Cisco Was Breached critically : Investigation Claims Made For Data Breach

Cisco Systems, Inc. recently addressed claims made by hackers that the business had just fallen victim to a cyberattack. Although a Cisco official clarified that the company is aware of the claims and is investigating, the company has not yet acknowledged that company data was hacked.

The hacker, under by the handle “IntelBroker,” claimed on the black-hat hacking website BreachForums that the data was taken on October 6, 2024.

“Today, I am selling the Cisco breach that recently happened (6/10/2024). Breached by IntelBroker, EnergyWeaponUser, and zjj,”

Among the major players on the list of businesses from which the attacker obtained data are Apple, Google, Microsoft, Amazon Web Services (AWS) and its IT centre, Citigroup, Alibaba, AT&T, Vodafone, and Bank of China.

cisco

Cisco’s Involvement to the claim

A representative for Cisco said that “Cisco is aware of reports that an actor is alleging to have gained access to certain Cisco-related files,”.”We have launched an investigation to assess this claim, and our investigation is ongoing.”

IntelBroker : Threat Actor

Since October 2022, IntelBroker, a black hat hacker from Serbia, has carried out multiple well-publicized cyberattacks.
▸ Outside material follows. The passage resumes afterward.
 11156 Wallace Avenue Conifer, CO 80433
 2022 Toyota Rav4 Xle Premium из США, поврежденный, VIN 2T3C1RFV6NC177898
Targets have included Apple, Pandabuy, and Europol; they have been linked to over 80 compromised data releases and sales. They say they are living in Russia at the moment for security concerns.

Affected Data

A large amount of developer data for several Cisco clients, including well-known companies like Microsoft, Barclays, SAP, T-Mobile, AT&T, and Verizon, are purportedly impacted by the incident.

The exposed material contained source code, hardcoded credentials, certificates, API tokens, and more, according to a BreachForum post by IntelBroker.

Source code, hard-coded credentials, certificates, customer SRCs, Cisco confidential documents, Jira tickets, API tokens, AWS private buckets, Cisco technology SRCs, Docker builds, Azure storage buckets, private & public keys, SSL certificates, Cisco premium products, and more were among the compromised data, according to a post on IntelBroker.